### WORK INSTRUCTIONS
Transcribe the lines below exactly, beginning with the line that holds "供应日本大金液压泵柱塞泵V8A1LX-20" and ending with the final line, both included. Pictures are to be left out.

### DATASET SECTION
====================
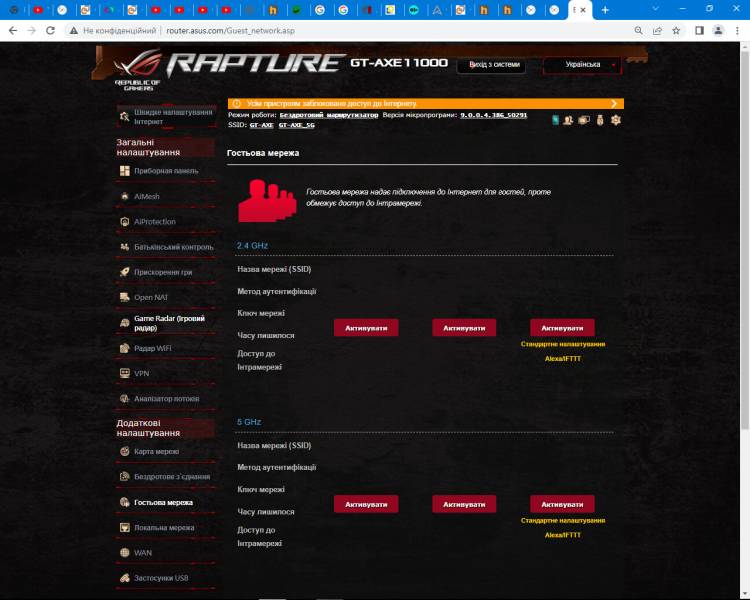 ASUS ROG Rapture GT-AXE1106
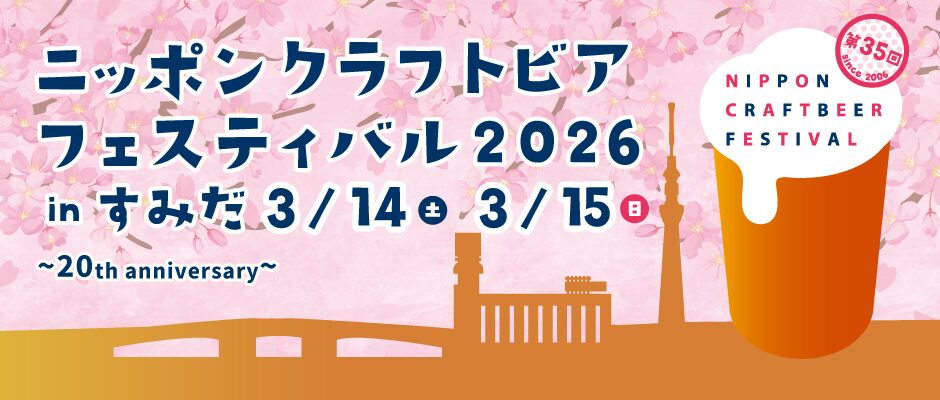 ニッポンクラフトビアフェスティバル 2026 in すみだ|3月14日(土)〜3月15日(日)すみだ産業会館イベントホールで開催されるクラフトビールフェス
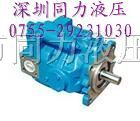 供应日本大金液压泵柱塞泵V8A1LX-20
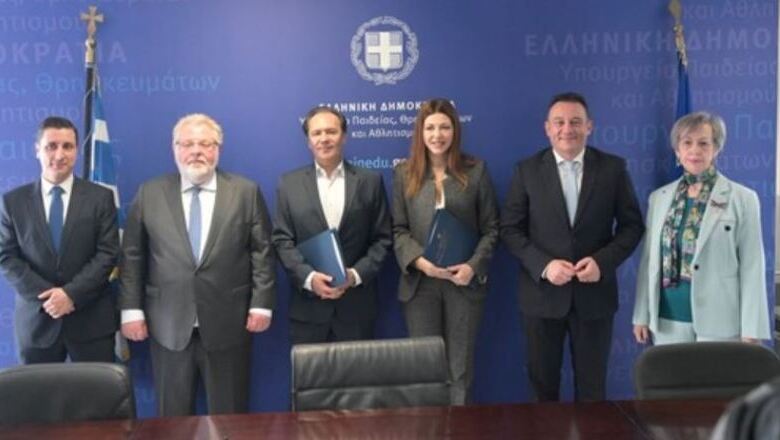 Ίδρυση Ακαδημίας Φαρμάκου στην Τρίπολη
====================
### WRITTEN RESPONSE
 供应日本大金液压泵柱塞泵V8A1LX-20
 Ίδρυση Ακαδημίας Φαρμάκου στην Τρίπολη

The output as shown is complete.